Databases and Kubernetes: Adopting a Distributed Mindset
Cloud native systems are, by definition, distributed — but to run databases securely and effectively on them, what’s needed is not only purpose-fit technology but a change of mindset, according to this podcast episode’s guests.
In this episode of the New Stack Makers podcast, Jim Walker, principal product evangelist and Michelle Gienow, senior technical content manager, of Cockroach Labs (and a former New Stack reporter), discussed how distributed systems create new challenges for databases, the paradigm shift that’s needed to run databases effectively on Kubernetes, and the results of a new survey of Kubernetes users.
The podcast was hosted by Heather Joslyn, features editor of The New Stack.
Essentially, there are three categories of how databases are used in the current cloud native ecosystem, according to Walker. First, there’s the “lift and shift” variety, in which a database is run on a container and a single service — a use case that aligns most closely with legacy systems.
Next, there’s “move and improve,” an approach that’s risen from the legacy past. These solutions take a layer of a legacy database system and rework it along cloud native principles. In these cases, most typically, the storage layer is also distributed, and data sharding might be automated.
Finally, there’s what Walker called “rearchitect and rebuild” an approach followed by Cockroach Labs and a few other companies. It’s based on the concept of rearchitecting a database system from the ground up to be cloud native.
“One of the biggest challenges is that not everybody thinks distributed yet,” Walker said. ”These distributed principles, and a distributed mindset are what’s helping people understand the true value of cloud native.”
The challenge of cultural change, which hinders so many organizations as they undergo a cloud native transformation, also applies to databases, echoed Gienow.
“A lot of people are excited about the new tech, but then they bring their assumptions about how things work and how they’ve always worked to this new technology,” she said. “And they are trying to work with it like this, tightly coupled to the linear way, and it just fails. Or if it doesn’t fail, they have to fight against their own process in order to use it.”

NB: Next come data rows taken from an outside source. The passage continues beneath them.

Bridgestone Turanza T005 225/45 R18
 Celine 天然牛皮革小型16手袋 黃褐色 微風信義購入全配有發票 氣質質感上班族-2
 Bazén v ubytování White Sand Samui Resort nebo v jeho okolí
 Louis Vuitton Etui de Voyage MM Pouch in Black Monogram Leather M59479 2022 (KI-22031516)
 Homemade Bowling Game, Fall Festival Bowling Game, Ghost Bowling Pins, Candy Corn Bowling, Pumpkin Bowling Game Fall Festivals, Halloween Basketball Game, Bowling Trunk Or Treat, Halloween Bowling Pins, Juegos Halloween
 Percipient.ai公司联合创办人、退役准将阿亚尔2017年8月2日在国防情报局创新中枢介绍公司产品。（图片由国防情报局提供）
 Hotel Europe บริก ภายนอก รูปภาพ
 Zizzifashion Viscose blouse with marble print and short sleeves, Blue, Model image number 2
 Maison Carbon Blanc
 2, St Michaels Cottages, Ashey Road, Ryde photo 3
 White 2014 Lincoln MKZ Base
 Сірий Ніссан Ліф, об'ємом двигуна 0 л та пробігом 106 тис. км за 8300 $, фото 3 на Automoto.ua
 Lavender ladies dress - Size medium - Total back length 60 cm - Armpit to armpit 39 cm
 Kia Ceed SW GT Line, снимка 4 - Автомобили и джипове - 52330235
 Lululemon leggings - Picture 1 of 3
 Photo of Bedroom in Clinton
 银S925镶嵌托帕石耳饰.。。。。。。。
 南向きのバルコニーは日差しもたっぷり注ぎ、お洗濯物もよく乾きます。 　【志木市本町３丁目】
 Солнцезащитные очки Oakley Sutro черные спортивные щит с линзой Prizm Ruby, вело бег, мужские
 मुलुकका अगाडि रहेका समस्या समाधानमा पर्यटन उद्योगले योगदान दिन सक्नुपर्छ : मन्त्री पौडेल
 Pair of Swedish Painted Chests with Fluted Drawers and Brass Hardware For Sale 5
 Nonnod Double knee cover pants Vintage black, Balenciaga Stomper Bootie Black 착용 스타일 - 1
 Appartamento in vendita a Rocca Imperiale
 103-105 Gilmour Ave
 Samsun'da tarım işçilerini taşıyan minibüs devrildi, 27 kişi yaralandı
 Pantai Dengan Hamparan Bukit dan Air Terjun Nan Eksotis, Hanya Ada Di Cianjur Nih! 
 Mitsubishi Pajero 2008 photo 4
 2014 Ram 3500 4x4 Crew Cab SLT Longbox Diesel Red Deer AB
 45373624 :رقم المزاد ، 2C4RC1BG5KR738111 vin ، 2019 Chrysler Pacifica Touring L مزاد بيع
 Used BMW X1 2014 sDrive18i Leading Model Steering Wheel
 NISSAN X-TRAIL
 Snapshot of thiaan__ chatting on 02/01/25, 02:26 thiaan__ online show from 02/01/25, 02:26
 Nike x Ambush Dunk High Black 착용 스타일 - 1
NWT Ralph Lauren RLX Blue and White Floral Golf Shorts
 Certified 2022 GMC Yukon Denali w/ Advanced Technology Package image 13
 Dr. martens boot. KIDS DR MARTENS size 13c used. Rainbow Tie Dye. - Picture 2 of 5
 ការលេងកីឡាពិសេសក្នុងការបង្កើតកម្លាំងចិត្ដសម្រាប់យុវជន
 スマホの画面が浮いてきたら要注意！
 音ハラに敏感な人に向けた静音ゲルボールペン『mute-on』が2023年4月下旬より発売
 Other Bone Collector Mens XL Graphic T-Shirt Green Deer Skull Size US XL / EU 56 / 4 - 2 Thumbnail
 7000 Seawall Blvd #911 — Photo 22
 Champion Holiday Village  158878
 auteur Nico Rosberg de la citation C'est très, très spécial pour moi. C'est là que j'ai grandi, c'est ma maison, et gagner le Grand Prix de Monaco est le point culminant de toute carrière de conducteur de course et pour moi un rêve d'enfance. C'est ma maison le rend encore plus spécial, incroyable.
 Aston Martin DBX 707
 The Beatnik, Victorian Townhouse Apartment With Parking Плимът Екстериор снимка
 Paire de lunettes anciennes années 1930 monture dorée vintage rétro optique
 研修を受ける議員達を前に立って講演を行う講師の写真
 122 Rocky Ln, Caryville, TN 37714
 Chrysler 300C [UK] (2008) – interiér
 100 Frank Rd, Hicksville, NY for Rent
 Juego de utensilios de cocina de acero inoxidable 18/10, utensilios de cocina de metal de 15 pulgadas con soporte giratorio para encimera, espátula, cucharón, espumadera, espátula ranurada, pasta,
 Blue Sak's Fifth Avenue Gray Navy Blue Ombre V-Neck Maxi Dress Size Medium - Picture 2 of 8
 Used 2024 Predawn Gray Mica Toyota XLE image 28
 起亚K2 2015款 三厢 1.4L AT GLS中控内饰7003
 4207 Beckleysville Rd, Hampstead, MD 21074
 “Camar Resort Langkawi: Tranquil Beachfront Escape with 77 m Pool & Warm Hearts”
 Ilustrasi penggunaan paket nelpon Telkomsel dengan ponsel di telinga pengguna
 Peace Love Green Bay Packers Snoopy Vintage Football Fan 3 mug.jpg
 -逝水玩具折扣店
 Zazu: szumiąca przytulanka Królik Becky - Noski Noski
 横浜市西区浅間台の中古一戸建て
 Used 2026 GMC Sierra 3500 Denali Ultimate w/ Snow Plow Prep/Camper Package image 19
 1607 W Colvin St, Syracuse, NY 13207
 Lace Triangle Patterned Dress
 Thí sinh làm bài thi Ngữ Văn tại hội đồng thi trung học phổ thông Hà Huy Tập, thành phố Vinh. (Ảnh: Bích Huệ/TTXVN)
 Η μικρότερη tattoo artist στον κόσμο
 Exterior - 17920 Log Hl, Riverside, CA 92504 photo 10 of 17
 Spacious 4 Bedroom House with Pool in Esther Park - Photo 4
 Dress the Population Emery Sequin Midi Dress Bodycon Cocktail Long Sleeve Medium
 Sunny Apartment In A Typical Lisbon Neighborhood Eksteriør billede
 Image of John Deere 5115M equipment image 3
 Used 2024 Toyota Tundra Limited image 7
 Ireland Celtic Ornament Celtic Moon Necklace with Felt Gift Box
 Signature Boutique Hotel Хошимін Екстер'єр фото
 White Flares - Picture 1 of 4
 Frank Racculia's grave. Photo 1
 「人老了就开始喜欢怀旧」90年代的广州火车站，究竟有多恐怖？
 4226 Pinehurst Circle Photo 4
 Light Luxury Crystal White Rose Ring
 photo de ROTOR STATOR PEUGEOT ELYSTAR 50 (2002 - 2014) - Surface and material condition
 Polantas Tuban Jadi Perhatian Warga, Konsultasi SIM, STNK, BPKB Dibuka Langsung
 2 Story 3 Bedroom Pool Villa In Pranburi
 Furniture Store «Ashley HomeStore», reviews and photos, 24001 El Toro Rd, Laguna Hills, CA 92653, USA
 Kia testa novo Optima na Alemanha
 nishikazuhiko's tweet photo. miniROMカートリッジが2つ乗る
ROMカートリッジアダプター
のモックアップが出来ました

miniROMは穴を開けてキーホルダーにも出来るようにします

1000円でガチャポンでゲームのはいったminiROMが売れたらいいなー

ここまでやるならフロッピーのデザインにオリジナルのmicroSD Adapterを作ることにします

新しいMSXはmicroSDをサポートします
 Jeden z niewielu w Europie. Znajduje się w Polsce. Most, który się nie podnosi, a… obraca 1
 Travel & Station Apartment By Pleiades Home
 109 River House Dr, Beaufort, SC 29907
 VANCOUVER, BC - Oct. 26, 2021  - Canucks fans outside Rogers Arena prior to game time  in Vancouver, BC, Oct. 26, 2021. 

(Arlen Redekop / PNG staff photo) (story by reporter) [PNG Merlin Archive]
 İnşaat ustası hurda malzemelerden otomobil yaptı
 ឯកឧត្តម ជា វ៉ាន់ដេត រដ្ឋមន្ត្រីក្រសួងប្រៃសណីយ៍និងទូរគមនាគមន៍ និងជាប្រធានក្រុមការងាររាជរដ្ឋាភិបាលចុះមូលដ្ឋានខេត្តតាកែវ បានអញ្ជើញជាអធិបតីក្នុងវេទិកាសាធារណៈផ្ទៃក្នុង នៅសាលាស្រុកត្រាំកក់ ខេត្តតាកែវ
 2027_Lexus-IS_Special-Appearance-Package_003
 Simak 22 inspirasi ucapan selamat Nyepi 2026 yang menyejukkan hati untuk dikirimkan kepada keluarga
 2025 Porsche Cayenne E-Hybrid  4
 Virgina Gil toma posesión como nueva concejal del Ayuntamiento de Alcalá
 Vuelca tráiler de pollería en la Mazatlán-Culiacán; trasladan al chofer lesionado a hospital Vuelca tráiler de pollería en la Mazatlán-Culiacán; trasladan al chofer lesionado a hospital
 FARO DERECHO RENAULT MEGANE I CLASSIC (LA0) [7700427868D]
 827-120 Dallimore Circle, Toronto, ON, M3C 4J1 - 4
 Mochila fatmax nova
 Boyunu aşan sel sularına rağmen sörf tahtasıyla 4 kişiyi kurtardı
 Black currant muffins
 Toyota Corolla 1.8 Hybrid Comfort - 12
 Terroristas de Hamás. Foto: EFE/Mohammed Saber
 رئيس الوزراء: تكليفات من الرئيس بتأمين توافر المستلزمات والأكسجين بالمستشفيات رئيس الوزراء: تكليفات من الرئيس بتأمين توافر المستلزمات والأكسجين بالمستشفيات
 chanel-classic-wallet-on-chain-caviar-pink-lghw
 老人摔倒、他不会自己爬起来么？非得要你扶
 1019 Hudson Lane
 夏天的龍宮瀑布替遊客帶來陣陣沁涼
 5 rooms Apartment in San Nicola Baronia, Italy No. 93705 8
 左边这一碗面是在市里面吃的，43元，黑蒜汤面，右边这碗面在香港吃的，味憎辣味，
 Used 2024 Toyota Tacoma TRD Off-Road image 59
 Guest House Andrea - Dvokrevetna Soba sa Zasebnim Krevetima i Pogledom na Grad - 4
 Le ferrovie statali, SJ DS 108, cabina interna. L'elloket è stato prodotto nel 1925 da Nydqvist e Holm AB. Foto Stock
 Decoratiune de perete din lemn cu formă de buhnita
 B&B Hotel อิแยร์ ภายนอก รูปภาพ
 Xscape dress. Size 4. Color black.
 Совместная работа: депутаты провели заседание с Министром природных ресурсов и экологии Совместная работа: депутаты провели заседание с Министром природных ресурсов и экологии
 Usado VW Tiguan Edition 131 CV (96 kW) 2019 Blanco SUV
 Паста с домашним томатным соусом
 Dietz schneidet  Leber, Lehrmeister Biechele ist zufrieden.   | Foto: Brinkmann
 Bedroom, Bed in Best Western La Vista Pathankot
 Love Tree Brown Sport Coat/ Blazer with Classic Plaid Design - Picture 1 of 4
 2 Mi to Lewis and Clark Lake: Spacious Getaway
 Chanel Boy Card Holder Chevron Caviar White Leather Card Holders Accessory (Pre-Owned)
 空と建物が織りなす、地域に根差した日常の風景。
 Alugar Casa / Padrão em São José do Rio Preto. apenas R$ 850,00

In such a situation, she added, “They’re not capturing the benefits they came for. They’re not capturing savings or speed, things aren’t faster. So I think there’s a lot of frustration until you can kind of cross that event horizon and just get it.”
Kubernetes (K8s) wasn’t originally set up for stateful workloads, the data-rich applications that save information from previous transactions. And yet a study released in August by Cockroach Labs and Red Hat of more than 200 IT professionals found that 59% of them run both stateless and stateful applications on their Kubernetes-based systems.
Innovations like StatefulSets made running stateful workloads on K8s easier — but many teams still struggle, according to the survey. Forty-six percent of respondents named stateful workloads as their primary challenge in effectively architecting for and deploying on Kubernetes, making it the most commonly cited concern.
Walker, however, is optimistic that continued innovation will make life easier for developers who need to run data-intensive applications on K8s: “As the Kubernetes community has matured, I think things are gonna become a lot easier … we need to simplify all this stuff.”
Which does not mean, our guests said, one database solution to rule them all. Walker dismissed the idea of consolidation, calling it “preposterous.”
“Yes, logically, maybe it makes sense to put everything into a single data lake and deal with it. Physically, it makes no sense,” he said. “Think about an analytical query that’s going to be running across multiple, different regions across the entire planet — do you really want to make that happen? You’re going to get killed on the egress cost alone between the different cloud providers. What if you did want to run that thing across different cloud providers?
Added Gienow, “The whole idea of consolidation is directly counter to the whole notion of cloud native: small autonomous teams running small loosely coupled workloads. Having Kubernetes means that I might need Postgres for my microservice. And you might want MongoDB and Redis. Some of our use cases require performance. Some we just need for 20 minutes and they can just evaporate.
“Nothing’s going to do all of these things, ideally, well, and so we do have the capability to apply the right tools to the right jobs, and then just have this data mesh layer that just handles it for us.”